To help smooth the transition to the permanently lower RHL multipliers, the government is providing relief through the Supporting Small Business scheme for properties losing their RHL relief in 2026/27. This means that the shop’s bill increase in 2026/27 compared to 2025/26 is capped at the higher of £800 or the relevant Transitional Relief cap of, in this case, 30%.
30% of the 2025/26 bill of £14,970 would be £4,491, which is higher than the £800 cap. So, in this case the 30% cap applies. The shop’s final bill will be £14,970 + £4,491 = £19,461. This is £27,839 lower than the £47,300 bill the shop would have seen without the government’s package of support, including Supporting Small Business relief.
Case study 3: Independent shop with a rateable value of £15,000 in 2023, rising to £20,000 in 2026
In 2025/26, for an independent shop with a rateable value of £15,000, the business rates liability was calculated by multiplying the rateable value by the multiplier of 49.9p, and then deducting the 40% RHL relief.
Before the RHL relief, the shop’s bill would be £15,000 x 0.499 = £7,485. The RHL relief would be worth 40% x £7,485 = £2,994, meaning the shop’s final bill would be £7,485 - £2,994 = £4,491.
Due to the 2026 revaluation, the rateable value of the shop has increased from £15,000 in 2025/26 to £20,000 in 2026/27. The independent shop is eligible for the new permanently lower small business RHL multiplier of 38.2p in 2026/27, so before any reliefs, the shop’s bill would be £20,000 x 0.382 = £7,640.
To help smooth the transition to the permanently lower RHL multipliers, the government is also providing relief through the Supporting Small Business scheme for properties losing their RHL relief in 2026/27. This means that the shop’s bill increase in 2026/27 compared to 2025/26 is capped at the higher of £800 or the relevant Transitional Relief cap of, in this case, 5%.
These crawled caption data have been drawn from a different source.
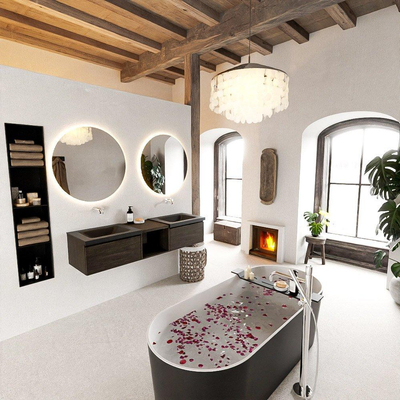 MONDIAZ BUKLA 160cm badmeubel met open module 40 kleur Dark Brown met 2 lades. Wastafel CLOUD dubbel 0 kraangaten kleur Urban.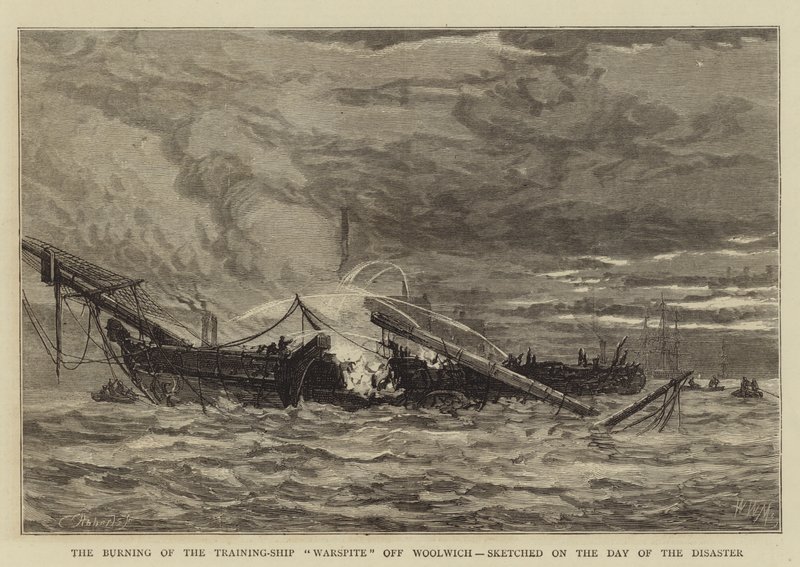 The Burning of the Training-Ship Warspite utanför Woolwich, skissad på katastrofens dag av Walter William May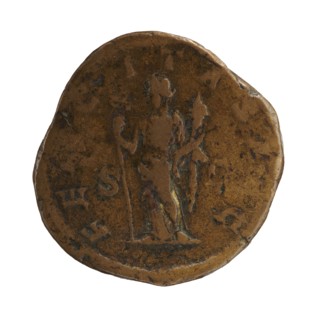 Sestertius featuring Julia Mamaea ca. 180–235 and Alexander Severus 208–235; Roman emperor 222–235.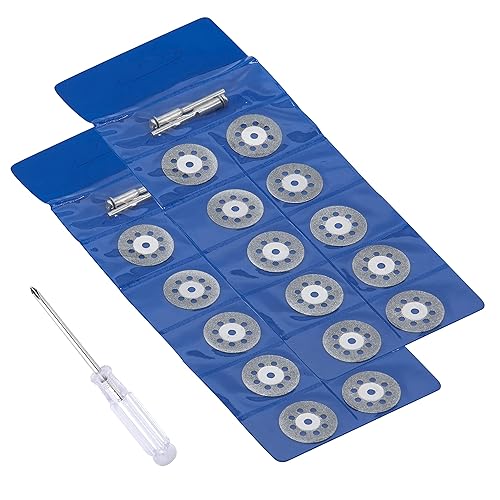 Miniatura 7 de Rueda de corte de diamante 545 (0.866in) 20 piezas con mandril 402 (0.118in) 4 piezas y destornillador para herramientas rotativas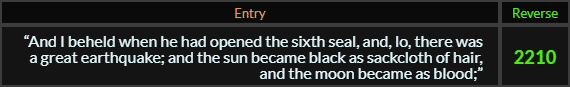 "And I beheld when he had opened the sixth seal and lo there was a great earthquake and the sun became black as sackcloth of hair and the moon became as blood" = 2210 (Reverse)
5% of the 2025/26 bill of £4,491 would be £225, which is lower than the £800 cap. So, in this case the £800 cap applies. The shop’s final bill will be £4,491 + £800 = £5,291. This is £2,349 lower than the £7,640 bill the shop would have seen without the government’s package of support, including Supporting Small Business relief.
Businesses may see a Transitional Relief Supplement in bills: however, when a property is receiving Transitional Relief or Supporting Small Business scheme, they will not pay the supplement, as bill increases are capped by these reliefs.